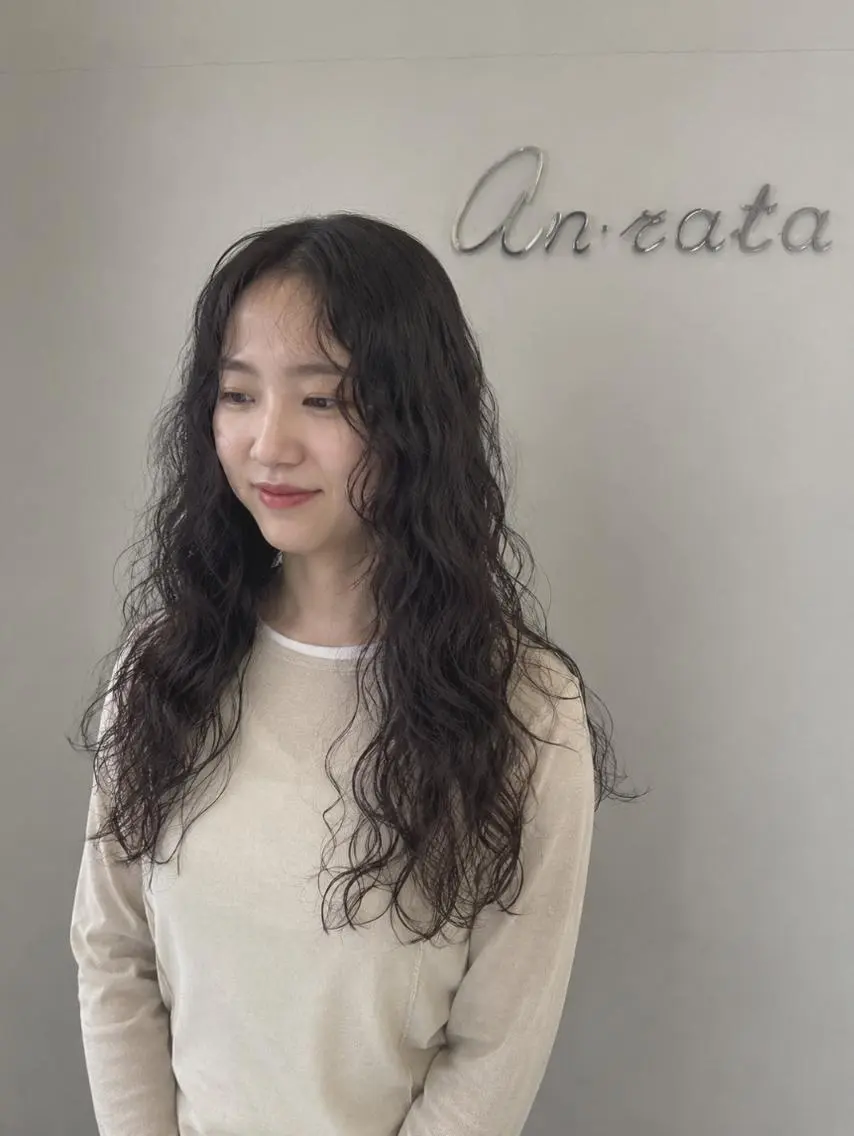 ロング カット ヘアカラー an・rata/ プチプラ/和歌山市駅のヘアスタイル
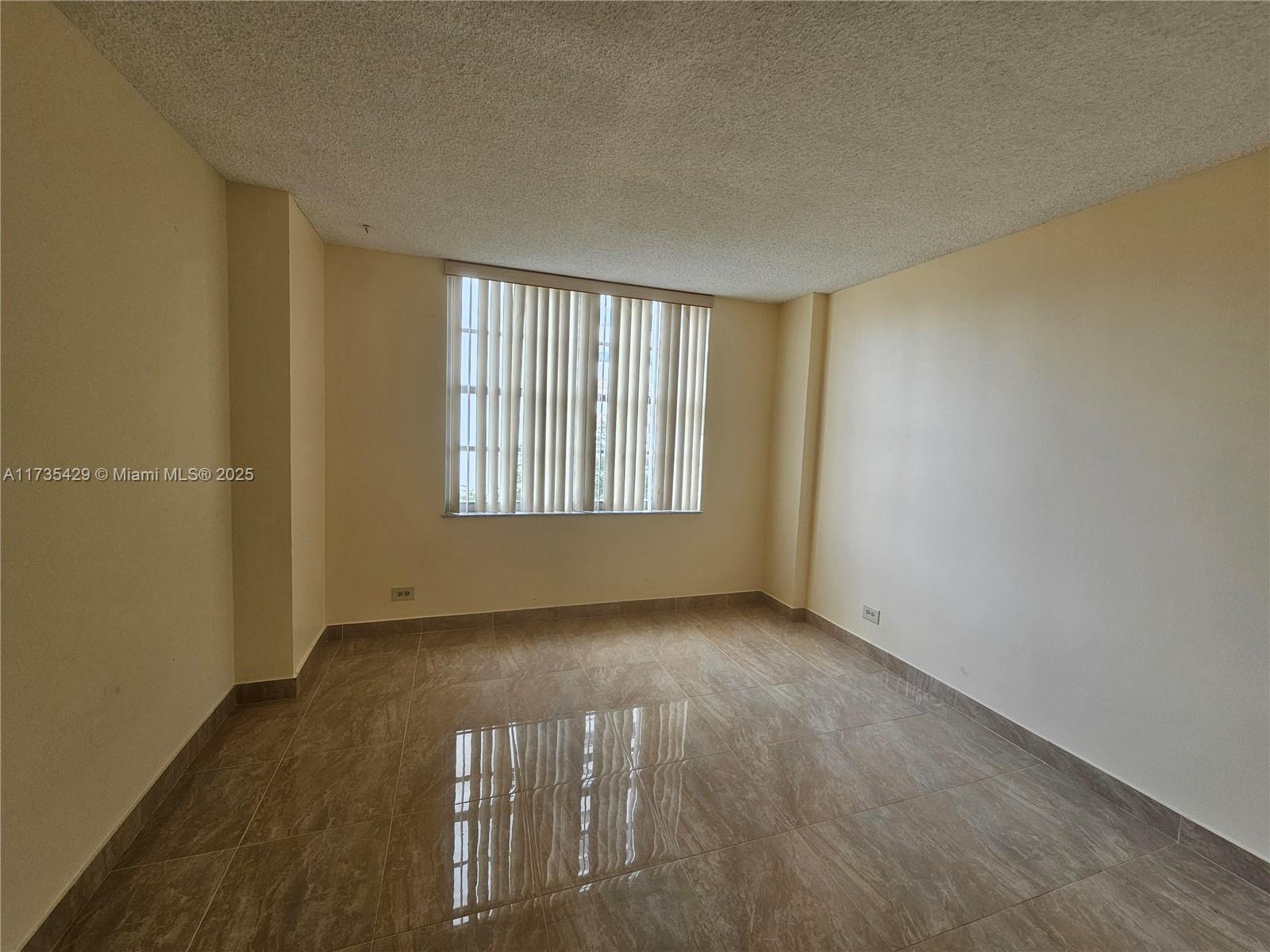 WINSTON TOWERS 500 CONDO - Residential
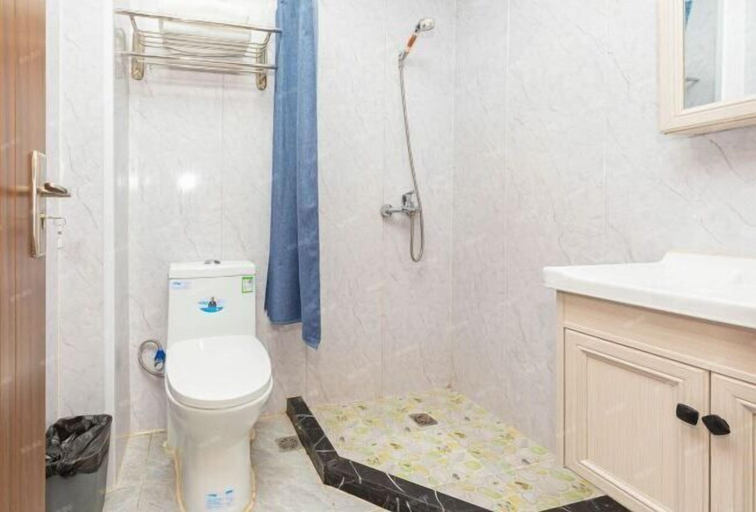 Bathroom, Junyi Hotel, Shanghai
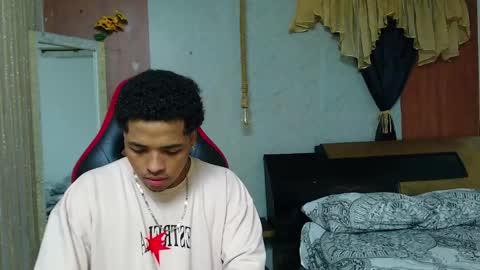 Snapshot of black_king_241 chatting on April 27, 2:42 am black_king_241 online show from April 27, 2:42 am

§ **ACTIVITY**: Nothing but the lines from the one containing "WINSTON TOWERS 500 CONDO - Residential" through the last line of the listing should be copied, each word for word and without pictures.

§ **SOLUTION FOR THIS EXERCISE**:
 WINSTON TOWERS 500 CONDO - Residential
 Bathroom, Junyi Hotel, Shanghai
 Snapshot of black_king_241 chatting on April 27, 2:42 am black_king_241 online show from April 27, 2:42 am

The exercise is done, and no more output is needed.